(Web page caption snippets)

☆ ☆ ☆ ☆ ☆ ☆ ☆

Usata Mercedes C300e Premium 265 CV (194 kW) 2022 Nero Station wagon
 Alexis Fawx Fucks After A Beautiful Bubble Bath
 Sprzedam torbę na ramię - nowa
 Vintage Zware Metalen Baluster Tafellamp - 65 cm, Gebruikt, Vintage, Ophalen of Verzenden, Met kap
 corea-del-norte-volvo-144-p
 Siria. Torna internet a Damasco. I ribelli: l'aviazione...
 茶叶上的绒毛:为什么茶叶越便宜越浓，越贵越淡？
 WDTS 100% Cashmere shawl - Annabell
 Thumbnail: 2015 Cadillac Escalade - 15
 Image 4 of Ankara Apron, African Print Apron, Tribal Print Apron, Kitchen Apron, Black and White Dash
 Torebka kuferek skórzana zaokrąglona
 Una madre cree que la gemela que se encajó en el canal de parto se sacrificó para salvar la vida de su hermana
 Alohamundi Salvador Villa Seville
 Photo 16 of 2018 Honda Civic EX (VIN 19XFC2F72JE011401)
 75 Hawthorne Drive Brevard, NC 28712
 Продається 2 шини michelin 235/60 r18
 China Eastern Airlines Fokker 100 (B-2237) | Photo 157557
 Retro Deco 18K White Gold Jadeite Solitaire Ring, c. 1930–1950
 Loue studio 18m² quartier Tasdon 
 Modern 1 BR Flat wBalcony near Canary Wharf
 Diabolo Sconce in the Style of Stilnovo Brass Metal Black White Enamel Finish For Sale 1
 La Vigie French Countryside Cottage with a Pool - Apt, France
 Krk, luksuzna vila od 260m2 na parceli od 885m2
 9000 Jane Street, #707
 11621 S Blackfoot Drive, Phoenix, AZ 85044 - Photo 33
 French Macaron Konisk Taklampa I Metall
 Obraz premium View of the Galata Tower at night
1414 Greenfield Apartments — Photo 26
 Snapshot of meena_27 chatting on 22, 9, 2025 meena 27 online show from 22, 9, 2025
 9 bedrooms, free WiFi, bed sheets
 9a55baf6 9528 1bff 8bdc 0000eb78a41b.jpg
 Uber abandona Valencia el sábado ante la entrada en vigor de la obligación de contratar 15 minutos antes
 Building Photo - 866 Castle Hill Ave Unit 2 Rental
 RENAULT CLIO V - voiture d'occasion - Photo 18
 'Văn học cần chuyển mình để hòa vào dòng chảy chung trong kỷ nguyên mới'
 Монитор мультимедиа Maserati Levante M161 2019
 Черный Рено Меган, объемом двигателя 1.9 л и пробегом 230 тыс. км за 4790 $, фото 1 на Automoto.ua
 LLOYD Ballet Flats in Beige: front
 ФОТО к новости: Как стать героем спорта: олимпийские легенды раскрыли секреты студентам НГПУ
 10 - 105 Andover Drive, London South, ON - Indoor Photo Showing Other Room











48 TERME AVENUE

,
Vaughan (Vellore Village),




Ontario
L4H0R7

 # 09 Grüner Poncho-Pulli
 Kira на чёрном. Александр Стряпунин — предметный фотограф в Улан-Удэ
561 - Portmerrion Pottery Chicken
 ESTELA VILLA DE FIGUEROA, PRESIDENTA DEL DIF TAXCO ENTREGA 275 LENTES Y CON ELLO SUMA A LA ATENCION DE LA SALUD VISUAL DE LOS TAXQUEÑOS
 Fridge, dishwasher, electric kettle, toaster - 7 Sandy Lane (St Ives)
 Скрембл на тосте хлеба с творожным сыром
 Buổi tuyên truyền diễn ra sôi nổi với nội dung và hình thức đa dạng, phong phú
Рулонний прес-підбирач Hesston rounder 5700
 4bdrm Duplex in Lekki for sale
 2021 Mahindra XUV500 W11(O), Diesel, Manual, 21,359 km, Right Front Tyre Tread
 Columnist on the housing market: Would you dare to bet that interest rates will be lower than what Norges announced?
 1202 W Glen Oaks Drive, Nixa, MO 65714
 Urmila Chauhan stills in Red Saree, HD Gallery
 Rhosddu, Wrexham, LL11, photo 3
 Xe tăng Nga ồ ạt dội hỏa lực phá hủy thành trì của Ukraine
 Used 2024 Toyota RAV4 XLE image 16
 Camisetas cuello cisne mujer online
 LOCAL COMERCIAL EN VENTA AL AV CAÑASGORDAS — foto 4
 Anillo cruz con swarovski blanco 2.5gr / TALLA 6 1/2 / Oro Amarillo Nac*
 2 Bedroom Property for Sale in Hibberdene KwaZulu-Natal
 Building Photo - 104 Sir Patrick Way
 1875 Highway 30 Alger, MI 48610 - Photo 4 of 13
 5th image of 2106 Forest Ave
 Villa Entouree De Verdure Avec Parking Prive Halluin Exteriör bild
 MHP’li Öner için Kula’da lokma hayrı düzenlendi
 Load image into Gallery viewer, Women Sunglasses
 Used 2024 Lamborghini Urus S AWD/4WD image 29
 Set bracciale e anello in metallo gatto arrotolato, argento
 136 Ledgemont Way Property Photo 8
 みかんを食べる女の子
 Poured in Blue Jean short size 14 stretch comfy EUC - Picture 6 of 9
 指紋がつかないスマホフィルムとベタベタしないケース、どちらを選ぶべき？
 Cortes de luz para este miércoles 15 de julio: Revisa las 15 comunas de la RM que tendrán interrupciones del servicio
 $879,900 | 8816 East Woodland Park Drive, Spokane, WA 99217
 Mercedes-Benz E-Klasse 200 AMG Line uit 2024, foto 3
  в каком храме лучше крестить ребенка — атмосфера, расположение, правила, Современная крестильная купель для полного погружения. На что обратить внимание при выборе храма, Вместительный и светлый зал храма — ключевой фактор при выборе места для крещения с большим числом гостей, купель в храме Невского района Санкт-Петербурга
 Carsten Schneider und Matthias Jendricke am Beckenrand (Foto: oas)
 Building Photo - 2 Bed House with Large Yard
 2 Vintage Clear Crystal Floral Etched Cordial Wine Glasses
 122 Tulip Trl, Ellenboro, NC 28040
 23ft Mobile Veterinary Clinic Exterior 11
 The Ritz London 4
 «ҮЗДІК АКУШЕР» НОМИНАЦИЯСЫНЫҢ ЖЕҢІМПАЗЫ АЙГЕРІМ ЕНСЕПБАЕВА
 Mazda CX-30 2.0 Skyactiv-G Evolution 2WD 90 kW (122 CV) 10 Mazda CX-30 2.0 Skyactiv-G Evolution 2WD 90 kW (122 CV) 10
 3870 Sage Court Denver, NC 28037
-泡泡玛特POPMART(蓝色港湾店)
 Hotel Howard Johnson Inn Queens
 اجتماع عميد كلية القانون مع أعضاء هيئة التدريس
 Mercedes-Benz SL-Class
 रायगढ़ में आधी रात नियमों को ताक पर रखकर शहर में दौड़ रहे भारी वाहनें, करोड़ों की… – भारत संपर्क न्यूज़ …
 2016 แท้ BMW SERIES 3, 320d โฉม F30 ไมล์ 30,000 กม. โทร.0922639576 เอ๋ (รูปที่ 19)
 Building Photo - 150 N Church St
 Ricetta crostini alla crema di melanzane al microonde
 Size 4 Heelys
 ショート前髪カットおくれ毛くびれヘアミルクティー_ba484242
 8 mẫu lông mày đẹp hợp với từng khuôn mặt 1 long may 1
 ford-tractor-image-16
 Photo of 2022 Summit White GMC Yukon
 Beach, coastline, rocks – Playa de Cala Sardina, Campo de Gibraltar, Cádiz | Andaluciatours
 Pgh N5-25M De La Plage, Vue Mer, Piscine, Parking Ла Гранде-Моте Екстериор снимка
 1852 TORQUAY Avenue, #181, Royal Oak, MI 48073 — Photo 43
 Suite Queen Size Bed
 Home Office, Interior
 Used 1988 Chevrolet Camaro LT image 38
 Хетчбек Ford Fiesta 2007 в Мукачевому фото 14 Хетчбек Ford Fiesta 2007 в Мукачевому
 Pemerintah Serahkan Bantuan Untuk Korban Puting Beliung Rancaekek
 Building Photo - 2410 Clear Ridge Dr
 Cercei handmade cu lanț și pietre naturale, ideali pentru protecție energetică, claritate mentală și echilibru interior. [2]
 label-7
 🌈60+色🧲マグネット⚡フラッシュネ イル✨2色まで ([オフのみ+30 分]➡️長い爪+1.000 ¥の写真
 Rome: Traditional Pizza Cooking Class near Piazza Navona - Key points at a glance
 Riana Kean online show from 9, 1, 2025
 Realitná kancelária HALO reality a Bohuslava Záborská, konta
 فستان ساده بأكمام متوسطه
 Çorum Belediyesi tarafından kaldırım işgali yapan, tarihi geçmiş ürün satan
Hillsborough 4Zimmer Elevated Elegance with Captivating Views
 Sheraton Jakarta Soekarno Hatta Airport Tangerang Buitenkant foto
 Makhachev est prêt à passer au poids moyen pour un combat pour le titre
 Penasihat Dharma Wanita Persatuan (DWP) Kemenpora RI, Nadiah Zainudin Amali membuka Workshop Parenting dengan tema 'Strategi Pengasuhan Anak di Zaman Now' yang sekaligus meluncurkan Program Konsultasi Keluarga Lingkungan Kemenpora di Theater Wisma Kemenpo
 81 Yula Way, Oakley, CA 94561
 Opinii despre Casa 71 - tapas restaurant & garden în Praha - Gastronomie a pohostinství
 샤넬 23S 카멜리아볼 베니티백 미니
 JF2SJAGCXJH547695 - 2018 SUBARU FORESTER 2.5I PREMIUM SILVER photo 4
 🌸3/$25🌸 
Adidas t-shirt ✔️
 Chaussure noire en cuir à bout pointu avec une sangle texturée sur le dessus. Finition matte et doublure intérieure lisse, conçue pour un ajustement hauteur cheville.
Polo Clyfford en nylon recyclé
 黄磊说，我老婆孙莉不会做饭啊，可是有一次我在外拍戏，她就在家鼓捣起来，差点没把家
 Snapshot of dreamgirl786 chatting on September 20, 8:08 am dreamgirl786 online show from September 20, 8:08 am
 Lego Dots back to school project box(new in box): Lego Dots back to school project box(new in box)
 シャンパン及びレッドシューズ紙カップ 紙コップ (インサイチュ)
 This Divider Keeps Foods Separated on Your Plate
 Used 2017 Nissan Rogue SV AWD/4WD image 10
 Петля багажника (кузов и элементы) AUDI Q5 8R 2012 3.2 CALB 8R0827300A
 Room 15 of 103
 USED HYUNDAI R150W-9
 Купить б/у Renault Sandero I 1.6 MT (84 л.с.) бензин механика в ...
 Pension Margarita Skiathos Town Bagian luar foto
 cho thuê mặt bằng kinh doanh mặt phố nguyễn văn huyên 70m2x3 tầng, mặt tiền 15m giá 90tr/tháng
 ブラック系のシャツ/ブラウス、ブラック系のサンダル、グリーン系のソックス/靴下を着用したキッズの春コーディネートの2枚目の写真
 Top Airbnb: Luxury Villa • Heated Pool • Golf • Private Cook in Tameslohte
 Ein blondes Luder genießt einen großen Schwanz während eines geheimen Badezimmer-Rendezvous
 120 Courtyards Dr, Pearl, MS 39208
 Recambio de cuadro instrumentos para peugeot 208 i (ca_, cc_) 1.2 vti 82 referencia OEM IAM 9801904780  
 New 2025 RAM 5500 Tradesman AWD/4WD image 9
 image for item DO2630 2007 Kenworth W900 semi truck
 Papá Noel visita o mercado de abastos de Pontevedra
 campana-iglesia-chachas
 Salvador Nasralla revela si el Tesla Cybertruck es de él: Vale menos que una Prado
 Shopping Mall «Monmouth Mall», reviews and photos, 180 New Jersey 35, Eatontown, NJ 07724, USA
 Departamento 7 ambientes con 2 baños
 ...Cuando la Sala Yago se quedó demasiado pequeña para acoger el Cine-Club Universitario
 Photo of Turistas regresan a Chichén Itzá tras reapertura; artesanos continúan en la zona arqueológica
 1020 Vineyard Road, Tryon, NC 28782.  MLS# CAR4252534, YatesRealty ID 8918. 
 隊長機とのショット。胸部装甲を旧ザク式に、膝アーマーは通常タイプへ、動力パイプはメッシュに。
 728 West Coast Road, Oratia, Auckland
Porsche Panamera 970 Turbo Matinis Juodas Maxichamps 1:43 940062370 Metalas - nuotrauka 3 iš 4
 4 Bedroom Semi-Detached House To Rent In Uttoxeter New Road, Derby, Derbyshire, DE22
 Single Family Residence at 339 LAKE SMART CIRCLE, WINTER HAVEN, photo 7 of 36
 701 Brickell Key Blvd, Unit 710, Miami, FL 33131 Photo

☆ ☆ ☆ ☆ ☆ ☆ ☆

### TASK STATEMENT
Return a word-for-word copy of the lines above from the one holding "Скрембл на тосте хлеба с творожным сыром" through the one holding "Building Photo - 104 Sir Patrick Way", with both of them included and nothing besides.

### ANSWER TO THIS PROBLEM
 Скрембл на тосте хлеба с творожным сыром
 Buổi tuyên truyền diễn ra sôi nổi với nội dung và hình thức đa dạng, phong phú
Рулонний прес-підбирач Hesston rounder 5700
 4bdrm Duplex in Lekki for sale
 2021 Mahindra XUV500 W11(O), Diesel, Manual, 21,359 km, Right Front Tyre Tread
 Columnist on the housing market: Would you dare to bet that interest rates will be lower than what Norges announced?
 1202 W Glen Oaks Drive, Nixa, MO 65714
 Urmila Chauhan stills in Red Saree, HD Gallery
 Rhosddu, Wrexham, LL11, photo 3
 Xe tăng Nga ồ ạt dội hỏa lực phá hủy thành trì của Ukraine
 Used 2024 Toyota RAV4 XLE image 16
 Camisetas cuello cisne mujer online
 LOCAL COMERCIAL EN VENTA AL AV CAÑASGORDAS — foto 4
 Anillo cruz con swarovski blanco 2.5gr / TALLA 6 1/2 / Oro Amarillo Nac*
 2 Bedroom Property for Sale in Hibberdene KwaZulu-Natal
 Building Photo - 104 Sir Patrick Way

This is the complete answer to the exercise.